MANADO, KOMPAS — Keberadaan Negara Islam di Irak dan Suriah atau NIIS melalui kelompok Maute di kawasan Asia Tenggara jangan dianggap remeh. Serangan atas Marawi, Filipina selatan, tahun lalu menjadi pengingat agar Indonesia mewaspadai ancaman dari utara.
Duta Besar Indonesia untuk Filipina Sinyo Harry Sarundajang di Manado, Sulawesi Utara, Rabu (26/12/2018), mengatakan, setelah kalah di Marawi, keberadaan kelompok Maute sulit dideteksi. Kelompok itu diyakini membentuk sel baru di kawasan Filipina selatan dan belum meninggalkan tujuan utama mereka, yakni mendirikan pemerintahan atau kekhalifahan Asia Tenggara.

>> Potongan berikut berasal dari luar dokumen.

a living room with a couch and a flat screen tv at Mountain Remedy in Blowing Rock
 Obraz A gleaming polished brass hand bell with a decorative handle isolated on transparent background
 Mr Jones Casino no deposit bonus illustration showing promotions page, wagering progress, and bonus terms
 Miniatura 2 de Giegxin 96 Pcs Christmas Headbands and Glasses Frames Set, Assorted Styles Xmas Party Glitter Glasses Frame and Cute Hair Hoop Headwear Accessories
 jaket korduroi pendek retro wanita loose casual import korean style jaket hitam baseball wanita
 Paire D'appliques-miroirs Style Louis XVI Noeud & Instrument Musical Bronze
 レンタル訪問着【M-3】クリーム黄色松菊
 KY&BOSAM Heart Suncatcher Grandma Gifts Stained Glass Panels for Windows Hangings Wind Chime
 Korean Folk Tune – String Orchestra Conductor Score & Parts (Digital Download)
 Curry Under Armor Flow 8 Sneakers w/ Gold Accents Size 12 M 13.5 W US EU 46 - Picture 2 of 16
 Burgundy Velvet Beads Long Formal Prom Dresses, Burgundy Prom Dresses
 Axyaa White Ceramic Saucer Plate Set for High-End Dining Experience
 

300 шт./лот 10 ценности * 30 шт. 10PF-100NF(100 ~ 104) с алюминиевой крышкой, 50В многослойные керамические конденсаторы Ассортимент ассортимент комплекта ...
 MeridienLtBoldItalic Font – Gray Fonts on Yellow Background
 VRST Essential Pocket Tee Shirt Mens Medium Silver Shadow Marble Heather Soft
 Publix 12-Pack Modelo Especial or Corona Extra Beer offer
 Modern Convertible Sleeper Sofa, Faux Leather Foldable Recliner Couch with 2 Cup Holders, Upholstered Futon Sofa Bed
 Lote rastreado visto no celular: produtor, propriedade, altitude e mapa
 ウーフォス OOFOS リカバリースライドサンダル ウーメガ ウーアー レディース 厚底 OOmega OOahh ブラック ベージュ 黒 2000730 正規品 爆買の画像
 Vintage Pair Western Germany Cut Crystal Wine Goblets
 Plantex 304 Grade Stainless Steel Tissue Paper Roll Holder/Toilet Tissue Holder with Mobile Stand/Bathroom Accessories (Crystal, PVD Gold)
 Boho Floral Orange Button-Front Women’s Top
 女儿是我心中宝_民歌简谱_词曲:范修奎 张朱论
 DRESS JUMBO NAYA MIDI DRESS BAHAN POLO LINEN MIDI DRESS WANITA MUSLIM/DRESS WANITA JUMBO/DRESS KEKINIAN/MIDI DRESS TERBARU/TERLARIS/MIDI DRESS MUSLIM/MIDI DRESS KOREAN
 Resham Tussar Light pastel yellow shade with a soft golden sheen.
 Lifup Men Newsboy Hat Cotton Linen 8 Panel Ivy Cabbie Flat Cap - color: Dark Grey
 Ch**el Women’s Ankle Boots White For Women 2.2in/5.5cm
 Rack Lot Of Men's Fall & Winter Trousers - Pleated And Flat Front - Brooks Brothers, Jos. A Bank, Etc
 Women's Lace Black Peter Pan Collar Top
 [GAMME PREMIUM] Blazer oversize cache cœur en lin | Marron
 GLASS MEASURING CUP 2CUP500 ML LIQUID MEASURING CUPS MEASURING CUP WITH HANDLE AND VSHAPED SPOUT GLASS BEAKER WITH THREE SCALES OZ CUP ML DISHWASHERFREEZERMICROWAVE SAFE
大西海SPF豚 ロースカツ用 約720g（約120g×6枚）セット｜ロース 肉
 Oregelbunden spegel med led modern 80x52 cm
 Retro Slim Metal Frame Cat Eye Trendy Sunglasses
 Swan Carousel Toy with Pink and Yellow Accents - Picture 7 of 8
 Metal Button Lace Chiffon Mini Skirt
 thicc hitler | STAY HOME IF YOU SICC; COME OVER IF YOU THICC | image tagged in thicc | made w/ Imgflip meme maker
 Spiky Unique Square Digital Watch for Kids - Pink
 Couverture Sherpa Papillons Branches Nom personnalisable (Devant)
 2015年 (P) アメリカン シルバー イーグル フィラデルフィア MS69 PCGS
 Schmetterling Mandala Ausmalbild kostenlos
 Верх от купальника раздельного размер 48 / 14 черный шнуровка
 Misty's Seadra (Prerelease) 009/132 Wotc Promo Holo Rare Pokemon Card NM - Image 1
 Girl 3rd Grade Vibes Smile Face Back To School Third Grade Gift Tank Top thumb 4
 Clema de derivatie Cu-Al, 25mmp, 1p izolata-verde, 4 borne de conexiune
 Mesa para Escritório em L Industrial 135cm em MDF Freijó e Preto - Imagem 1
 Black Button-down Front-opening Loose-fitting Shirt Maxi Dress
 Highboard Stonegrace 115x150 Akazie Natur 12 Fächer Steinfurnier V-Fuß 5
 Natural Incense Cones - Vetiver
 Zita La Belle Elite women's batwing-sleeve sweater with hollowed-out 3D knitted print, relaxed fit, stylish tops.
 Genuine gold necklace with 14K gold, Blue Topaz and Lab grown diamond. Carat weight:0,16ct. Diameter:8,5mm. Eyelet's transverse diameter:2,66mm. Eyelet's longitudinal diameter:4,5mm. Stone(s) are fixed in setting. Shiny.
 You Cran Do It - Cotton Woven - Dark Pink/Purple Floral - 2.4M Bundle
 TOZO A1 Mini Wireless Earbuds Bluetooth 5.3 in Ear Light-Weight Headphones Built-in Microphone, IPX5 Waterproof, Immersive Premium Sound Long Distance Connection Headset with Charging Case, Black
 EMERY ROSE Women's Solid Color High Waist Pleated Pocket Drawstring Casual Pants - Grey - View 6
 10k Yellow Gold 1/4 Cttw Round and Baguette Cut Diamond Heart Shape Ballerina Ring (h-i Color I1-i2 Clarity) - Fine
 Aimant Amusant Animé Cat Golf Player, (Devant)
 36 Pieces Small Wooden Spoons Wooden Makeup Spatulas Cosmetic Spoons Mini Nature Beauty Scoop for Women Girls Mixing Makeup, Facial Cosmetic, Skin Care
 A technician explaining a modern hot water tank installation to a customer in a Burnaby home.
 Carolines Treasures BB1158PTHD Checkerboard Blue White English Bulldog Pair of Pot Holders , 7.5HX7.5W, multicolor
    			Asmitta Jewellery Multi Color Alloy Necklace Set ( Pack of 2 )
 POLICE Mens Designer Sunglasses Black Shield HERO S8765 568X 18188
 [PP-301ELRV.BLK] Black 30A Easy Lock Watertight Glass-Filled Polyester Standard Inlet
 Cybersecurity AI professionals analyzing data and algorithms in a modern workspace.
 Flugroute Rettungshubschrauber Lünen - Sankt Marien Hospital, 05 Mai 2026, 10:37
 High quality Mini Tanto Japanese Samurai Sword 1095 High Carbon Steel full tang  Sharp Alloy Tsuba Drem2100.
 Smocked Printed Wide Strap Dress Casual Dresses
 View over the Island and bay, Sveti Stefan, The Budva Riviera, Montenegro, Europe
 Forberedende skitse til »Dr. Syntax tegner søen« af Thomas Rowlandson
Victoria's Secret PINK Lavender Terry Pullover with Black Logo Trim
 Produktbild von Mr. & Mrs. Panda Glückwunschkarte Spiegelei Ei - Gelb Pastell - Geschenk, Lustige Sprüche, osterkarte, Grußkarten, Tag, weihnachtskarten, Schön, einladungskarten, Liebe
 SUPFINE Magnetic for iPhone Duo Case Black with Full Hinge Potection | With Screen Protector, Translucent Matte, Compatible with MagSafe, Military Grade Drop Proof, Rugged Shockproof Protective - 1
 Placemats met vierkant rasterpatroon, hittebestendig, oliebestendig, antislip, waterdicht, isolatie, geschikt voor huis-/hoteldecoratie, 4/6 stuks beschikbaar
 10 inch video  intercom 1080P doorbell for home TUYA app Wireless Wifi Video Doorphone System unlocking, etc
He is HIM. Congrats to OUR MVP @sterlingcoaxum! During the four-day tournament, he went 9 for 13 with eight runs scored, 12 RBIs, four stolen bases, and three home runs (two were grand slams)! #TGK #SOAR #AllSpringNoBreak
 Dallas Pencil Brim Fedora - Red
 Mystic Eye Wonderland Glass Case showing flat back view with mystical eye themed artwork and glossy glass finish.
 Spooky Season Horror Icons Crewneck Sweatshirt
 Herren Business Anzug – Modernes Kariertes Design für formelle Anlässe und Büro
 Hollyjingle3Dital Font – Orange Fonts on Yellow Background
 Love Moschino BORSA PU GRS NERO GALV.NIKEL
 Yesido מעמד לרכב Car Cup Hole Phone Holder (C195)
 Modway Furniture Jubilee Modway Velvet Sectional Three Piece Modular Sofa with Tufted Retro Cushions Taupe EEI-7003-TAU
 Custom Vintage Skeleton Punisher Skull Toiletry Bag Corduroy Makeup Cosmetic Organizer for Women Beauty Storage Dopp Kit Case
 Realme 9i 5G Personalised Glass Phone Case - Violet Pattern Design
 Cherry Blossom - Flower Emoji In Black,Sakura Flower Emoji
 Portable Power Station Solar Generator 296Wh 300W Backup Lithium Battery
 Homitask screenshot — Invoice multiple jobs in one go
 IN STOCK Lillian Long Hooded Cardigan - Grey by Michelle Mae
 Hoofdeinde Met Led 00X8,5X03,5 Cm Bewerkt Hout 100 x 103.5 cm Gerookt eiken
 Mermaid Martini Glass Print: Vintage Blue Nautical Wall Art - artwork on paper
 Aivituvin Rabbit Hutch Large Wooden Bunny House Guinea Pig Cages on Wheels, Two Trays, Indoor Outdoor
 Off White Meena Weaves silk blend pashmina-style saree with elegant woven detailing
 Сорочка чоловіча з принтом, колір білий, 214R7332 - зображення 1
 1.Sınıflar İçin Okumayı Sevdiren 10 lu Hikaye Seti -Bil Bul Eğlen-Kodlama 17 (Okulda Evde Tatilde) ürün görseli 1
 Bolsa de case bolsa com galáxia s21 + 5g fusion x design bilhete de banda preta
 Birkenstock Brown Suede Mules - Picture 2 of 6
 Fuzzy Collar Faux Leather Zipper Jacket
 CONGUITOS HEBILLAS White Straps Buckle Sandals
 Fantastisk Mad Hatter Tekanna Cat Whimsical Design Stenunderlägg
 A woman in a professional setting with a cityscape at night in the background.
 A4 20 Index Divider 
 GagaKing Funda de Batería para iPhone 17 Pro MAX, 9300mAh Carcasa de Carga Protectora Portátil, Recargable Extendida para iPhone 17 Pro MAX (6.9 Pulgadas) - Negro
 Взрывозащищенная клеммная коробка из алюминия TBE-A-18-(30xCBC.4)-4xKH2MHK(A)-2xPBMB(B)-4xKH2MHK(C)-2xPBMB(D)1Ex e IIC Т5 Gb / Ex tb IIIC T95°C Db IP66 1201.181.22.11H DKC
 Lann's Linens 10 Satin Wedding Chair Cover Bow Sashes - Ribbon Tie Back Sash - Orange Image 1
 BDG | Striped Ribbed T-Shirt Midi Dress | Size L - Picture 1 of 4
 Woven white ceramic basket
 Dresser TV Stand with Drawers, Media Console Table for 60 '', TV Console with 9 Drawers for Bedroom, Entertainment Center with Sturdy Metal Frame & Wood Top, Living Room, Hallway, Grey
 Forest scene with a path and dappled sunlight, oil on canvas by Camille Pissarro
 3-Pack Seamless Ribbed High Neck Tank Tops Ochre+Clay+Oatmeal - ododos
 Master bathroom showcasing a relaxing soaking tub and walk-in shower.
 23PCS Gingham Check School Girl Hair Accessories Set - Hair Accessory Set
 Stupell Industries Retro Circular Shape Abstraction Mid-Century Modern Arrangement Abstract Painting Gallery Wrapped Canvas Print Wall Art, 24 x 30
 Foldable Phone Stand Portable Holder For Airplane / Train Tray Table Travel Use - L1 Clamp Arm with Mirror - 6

Menurut Sarundajang, wilayah Mindanao, Filipina selatan, menjadi wilayah paling subur lahan pembentukan sel dan perekrutan anggota baru. Kawasan Mindanao dapat dijangkau dengan perahu motor dari wilayah utara Indonesia, seperti Sangihe dan Talaud. Dari Marore, orang dapat ke Mindanao dengan perahu motor selama 4-5 jam.
Sarundajang mengatakan, Pemerintah Filipina masih memberlakukan status darurat militer khusus untuk Mindanao hingga akhir tahun ini dengan tujuan menghambat gerak kelompok radikal.
”Presiden Rodrigo Duterte kemungkinan memperpanjang status darurat militer khusus di Mindanao hingga tahun depan. Filipina sangat mewaspadai gerakan radikal dengan sejumlah latihan perang kota oleh militernya,” katanya.
Di samping Filipina, Singapura juga telah ”memperketat” orang masuk ke negaranya sekaligus melakukan latihan mengantisipasi serangan teroris.
Sarundajang menuturkan, ia telah menyampaikan kewaspadaan ancaman dari utara kepada Kementerian Luar Negeri agar diantisipasi. Bupati Kepulauan Sangihe Jabes Gaghana mengatakan, pengamanan wilayah perbatasan terus dilakukan dengan menempatkan sejumlah pos militer dan polisi di Kecamatan Marore, Marampit, dan Miangas yang berbatasan dengan Filipina.
”Aparat TNI juga selalu melakukan ronda ke sejumlah pulau kosong di Sangihe dan Talaud,” katanya.
Gaghana menambahkan, posisi geografis Sangihe dan Talaud dengan puluhan pulau kosong di wilayah perbatasan cukup rentan bagi masuknya kelompok radikal ke Indonesia.
Kota Marawi, yang berpopulasi 200.000 warga mayoritas Muslim, diduduki kelompok militan yang berafiliasi pada milisi NIIS selama lima bulan sejak Mei tahun lalu. Saat itu, hampir setiap hari terjadi serangan udara, tembakan artileri, serta pertempuran kota antara militer Filipina dan kelompok militan tersebut.
Hampir 1.200 orang tewas dalam pertempuran tersebut. Sebagian besar kota di tepi danau yang indah itu pun hancur. Ribuan warga mengungsi ke kamp pengungsi atau ke rumah kerabat di kota-kota terdekat.
Sarundajang menambahkan, anggota Maute yang sempat melarikan diri saat operasi perebutan kembali Marawi diduga melakukan perekrutan anggota. Caranya dengan memberikan janji atau iming-iming uang, senjata, dan perhiasan yang dijarah dari bank dan rumah penduduk.